__WORK TASK__:
The listing below should be printed exactly, though its pictures must not be.
---------- RECORDS FOR THIS TASK ----------
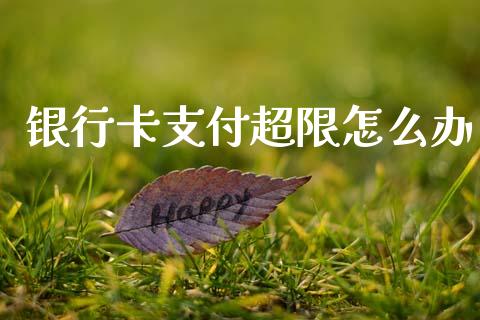 银行卡支付超限怎么办_https://m.jnlaobingbanjia.com_全球市场_第1张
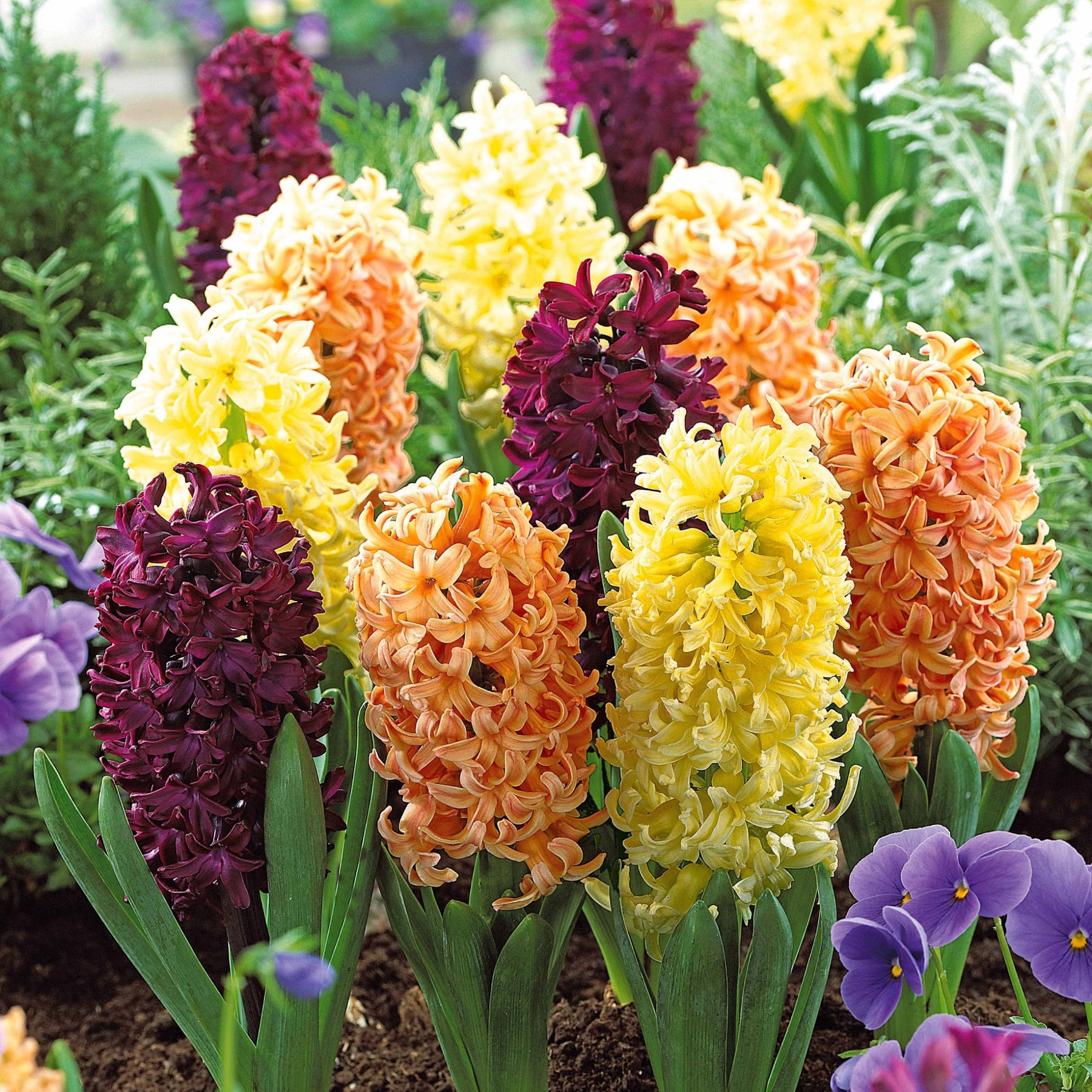 Collection de 9 Jacinthes : Gipsy Queen, Woodstock, City of Haarlem - Hyacinthus orientalis 'gipsy queen', 'woodstock', - Plantes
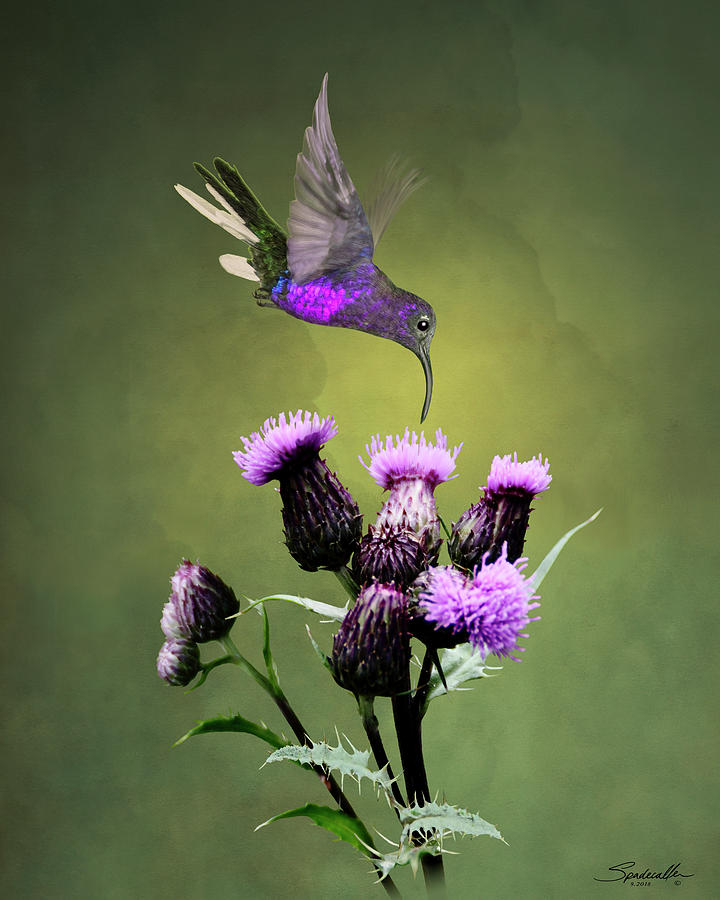 Violet Sabrewing Hummingbird and Thistle Digital Art by M Spadecaller
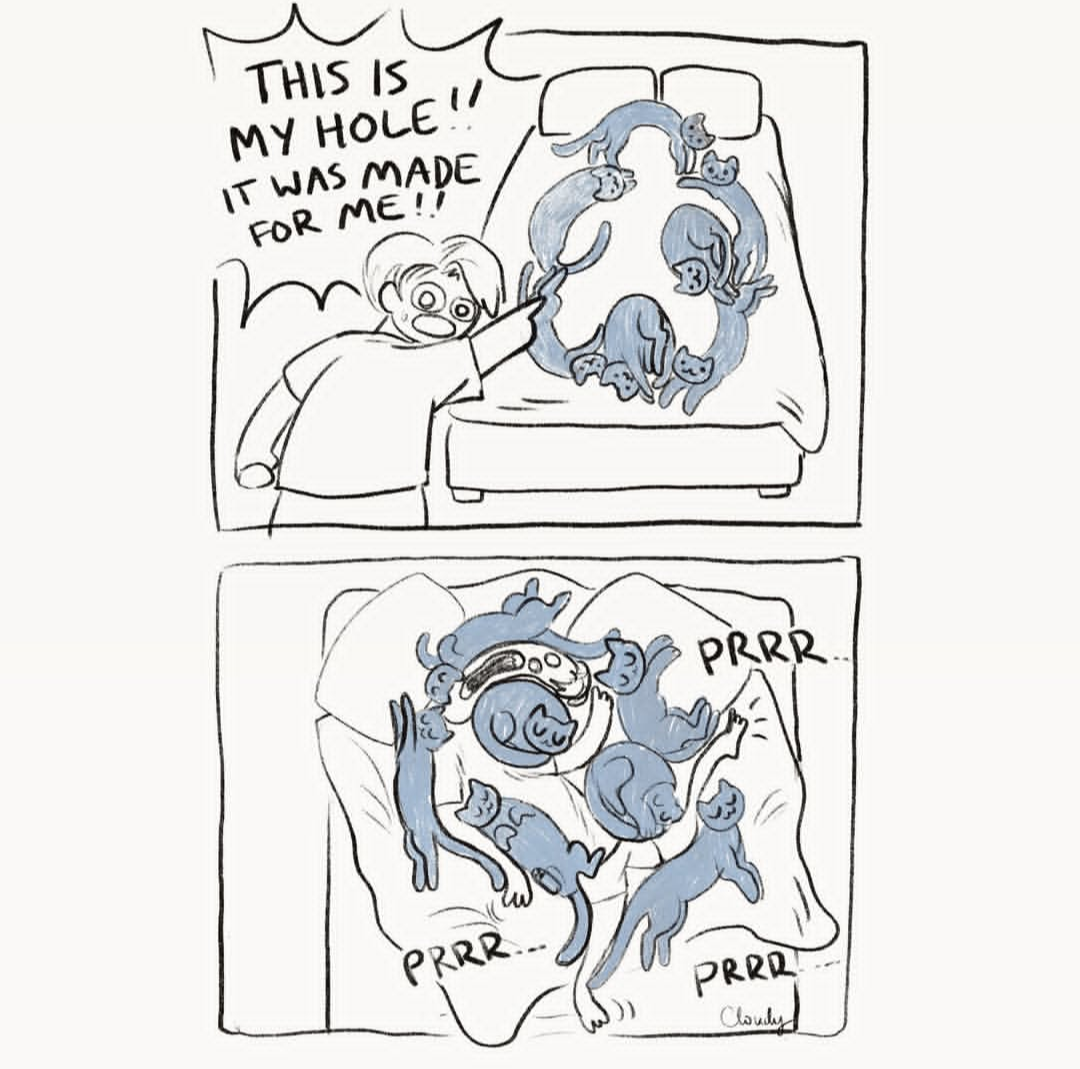 1751293506538.png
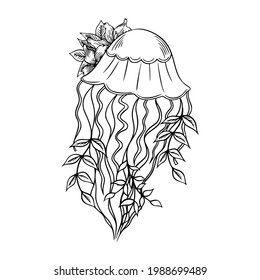 Jellyfish with lilies outline hand-drawn doodle marine sketch, underwater jelly fish illustration, medusa line art drawing animal , tattoo sketch .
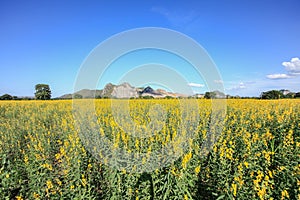 Sunhemp field in blue sky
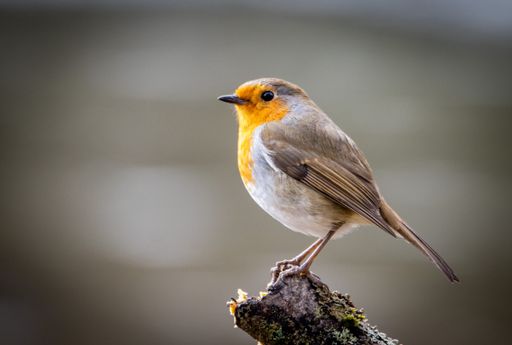 A closeup of a robin perched on a log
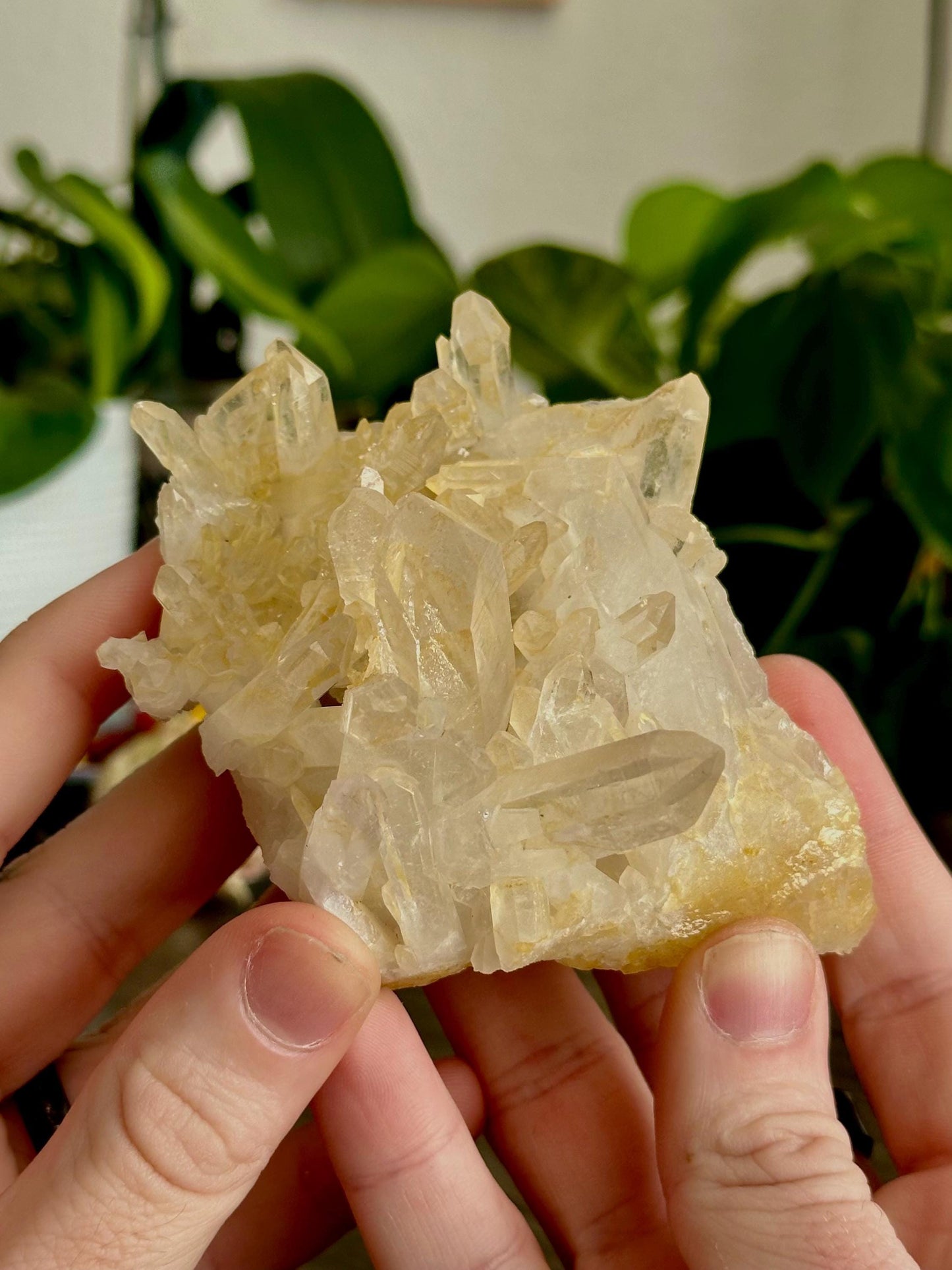 Negative Entropic Quartz Clusters- Energetic restoration, Recovery + Long-term Healing work.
----------
__SOLUTION__:
 银行卡支付超限怎么办_https://m.jnlaobingbanjia.com_全球市场_第1张
 Collection de 9 Jacinthes : Gipsy Queen, Woodstock, City of Haarlem - Hyacinthus orientalis 'gipsy queen', 'woodstock', - Plantes
 Violet Sabrewing Hummingbird and Thistle Digital Art by M Spadecaller
 1751293506538.png
 Jellyfish with lilies outline hand-drawn doodle marine sketch, underwater jelly fish illustration, medusa line art drawing animal , tattoo sketch .
 Sunhemp field in blue sky
 A closeup of a robin perched on a log
 Negative Entropic Quartz Clusters- Energetic restoration, Recovery + Long-term Healing work.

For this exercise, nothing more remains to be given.